> **Available data**:

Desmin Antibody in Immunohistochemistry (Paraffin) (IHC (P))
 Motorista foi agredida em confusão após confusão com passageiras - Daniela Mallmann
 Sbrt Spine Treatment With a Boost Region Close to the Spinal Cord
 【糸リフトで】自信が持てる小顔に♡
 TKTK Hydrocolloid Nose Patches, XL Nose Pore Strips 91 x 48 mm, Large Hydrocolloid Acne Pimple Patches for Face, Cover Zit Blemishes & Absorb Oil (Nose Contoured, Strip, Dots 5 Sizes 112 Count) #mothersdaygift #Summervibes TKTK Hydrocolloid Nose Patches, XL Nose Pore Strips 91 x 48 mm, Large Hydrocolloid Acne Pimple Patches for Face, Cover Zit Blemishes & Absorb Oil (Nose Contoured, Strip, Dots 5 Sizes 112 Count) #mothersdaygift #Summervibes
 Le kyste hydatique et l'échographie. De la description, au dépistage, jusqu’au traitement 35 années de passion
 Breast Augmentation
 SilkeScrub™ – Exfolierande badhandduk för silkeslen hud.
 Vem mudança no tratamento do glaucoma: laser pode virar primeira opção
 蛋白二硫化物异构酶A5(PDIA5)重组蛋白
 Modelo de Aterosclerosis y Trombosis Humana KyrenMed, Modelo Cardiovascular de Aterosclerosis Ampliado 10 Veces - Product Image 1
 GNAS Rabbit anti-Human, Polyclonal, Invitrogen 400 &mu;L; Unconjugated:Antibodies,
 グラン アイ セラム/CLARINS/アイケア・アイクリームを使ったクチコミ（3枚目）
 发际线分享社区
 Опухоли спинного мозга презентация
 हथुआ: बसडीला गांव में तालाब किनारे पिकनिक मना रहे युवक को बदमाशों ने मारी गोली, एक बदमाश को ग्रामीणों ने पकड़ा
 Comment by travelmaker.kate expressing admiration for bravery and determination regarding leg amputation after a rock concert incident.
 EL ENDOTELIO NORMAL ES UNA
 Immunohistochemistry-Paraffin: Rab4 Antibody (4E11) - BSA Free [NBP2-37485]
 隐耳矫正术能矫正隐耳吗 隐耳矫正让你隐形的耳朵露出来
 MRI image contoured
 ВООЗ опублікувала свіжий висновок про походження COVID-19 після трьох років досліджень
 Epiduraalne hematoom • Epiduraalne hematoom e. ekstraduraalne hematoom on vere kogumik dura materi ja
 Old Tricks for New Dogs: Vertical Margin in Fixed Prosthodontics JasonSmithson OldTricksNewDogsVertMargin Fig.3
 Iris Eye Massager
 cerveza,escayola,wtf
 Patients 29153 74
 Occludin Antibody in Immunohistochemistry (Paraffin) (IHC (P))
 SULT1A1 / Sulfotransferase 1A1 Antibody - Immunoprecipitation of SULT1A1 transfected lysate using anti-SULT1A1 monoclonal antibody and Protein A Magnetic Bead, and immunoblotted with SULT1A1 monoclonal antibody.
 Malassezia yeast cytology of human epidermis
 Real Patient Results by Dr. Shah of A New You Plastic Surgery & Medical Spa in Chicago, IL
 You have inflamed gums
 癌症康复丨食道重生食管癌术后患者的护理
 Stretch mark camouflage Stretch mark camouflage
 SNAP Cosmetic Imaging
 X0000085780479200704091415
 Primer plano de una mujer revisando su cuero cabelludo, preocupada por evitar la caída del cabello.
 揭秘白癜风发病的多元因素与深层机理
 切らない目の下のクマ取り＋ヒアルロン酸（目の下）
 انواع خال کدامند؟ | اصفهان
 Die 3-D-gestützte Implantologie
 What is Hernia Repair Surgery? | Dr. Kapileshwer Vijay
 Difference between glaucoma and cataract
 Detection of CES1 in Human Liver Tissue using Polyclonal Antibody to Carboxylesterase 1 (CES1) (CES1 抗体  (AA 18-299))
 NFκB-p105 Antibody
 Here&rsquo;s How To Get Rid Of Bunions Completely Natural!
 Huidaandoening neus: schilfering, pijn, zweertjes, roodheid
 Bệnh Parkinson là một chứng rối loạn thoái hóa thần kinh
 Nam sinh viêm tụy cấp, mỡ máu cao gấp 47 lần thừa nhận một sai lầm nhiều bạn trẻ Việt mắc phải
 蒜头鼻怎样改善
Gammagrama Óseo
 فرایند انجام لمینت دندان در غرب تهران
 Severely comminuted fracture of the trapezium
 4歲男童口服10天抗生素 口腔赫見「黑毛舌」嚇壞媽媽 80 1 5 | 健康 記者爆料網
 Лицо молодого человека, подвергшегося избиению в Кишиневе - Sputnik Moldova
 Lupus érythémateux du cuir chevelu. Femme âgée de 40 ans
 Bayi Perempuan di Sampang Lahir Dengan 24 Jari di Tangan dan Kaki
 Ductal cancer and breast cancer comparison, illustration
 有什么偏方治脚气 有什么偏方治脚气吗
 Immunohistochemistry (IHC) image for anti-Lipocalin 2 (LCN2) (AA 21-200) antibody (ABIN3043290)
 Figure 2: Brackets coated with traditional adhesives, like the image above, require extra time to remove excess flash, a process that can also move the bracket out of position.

> **Your goal**:
How many lines of the material contain the string "Immunohistochemistry"? Answer with that number alone.

> **Response to this exercise**:
4